[[ DATA PROVIDED, beginning ]]

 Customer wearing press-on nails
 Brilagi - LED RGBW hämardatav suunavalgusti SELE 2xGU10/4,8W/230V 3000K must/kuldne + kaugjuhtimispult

[[ DATA PROVIDED, end ]]
[[ DATA PROVIDED, beginning ]]

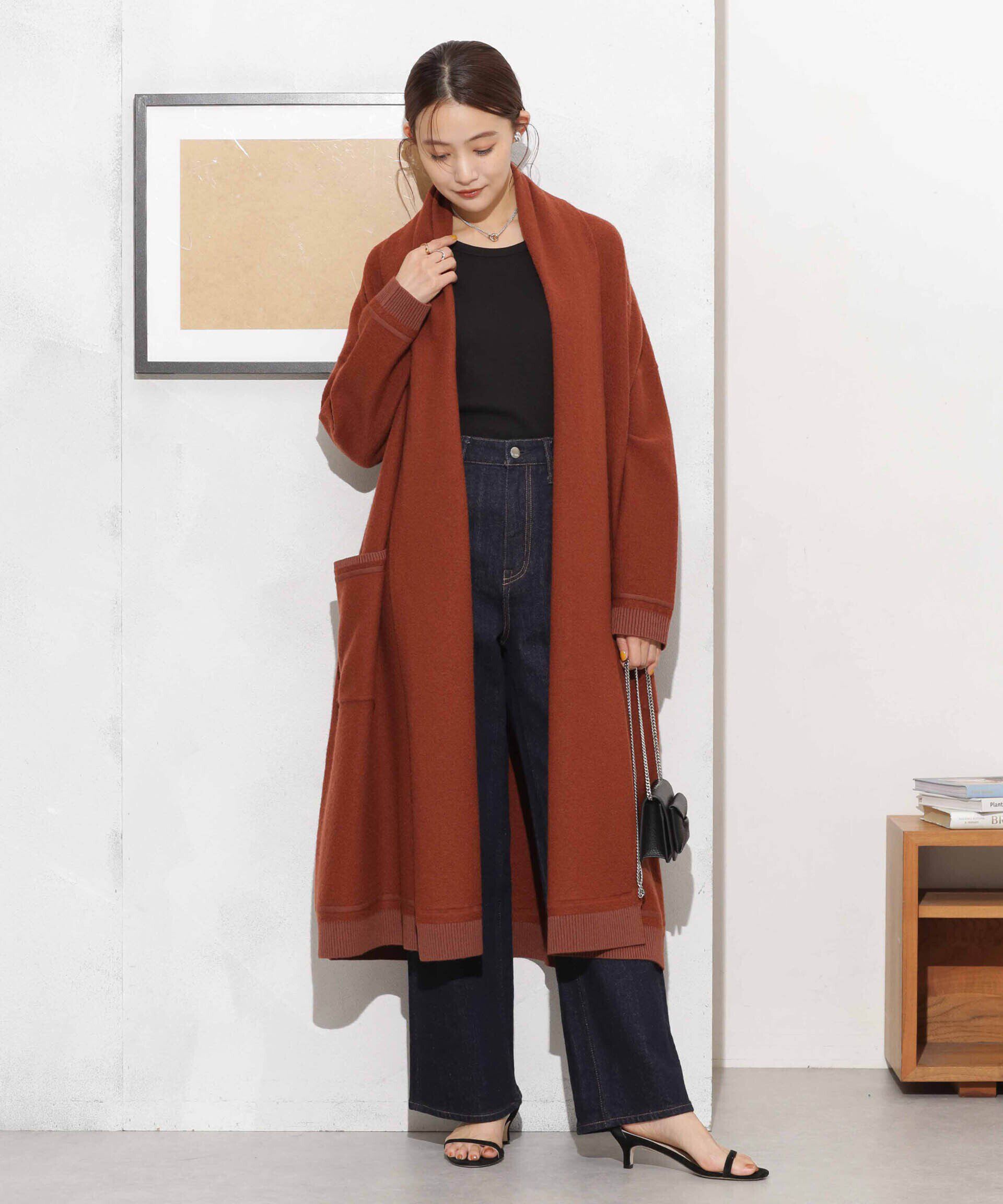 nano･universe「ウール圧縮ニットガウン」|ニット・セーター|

[[ DATA PROVIDED, end ]]

> **REQUIRED WORK**
Repeat word for word the lines above that run from the line containing "Customer wearing press-on nails" through the line containing "Brilagi - LED", both ends included, and nothing else.

> **REPLY TO THE EXERCISE**
 Customer wearing press-on nails
 Brilagi - LED RGBW hämardatav suunavalgusti SELE 2xGU10/4,8W/230V 3000K must/kuldne + kaugjuhtimispult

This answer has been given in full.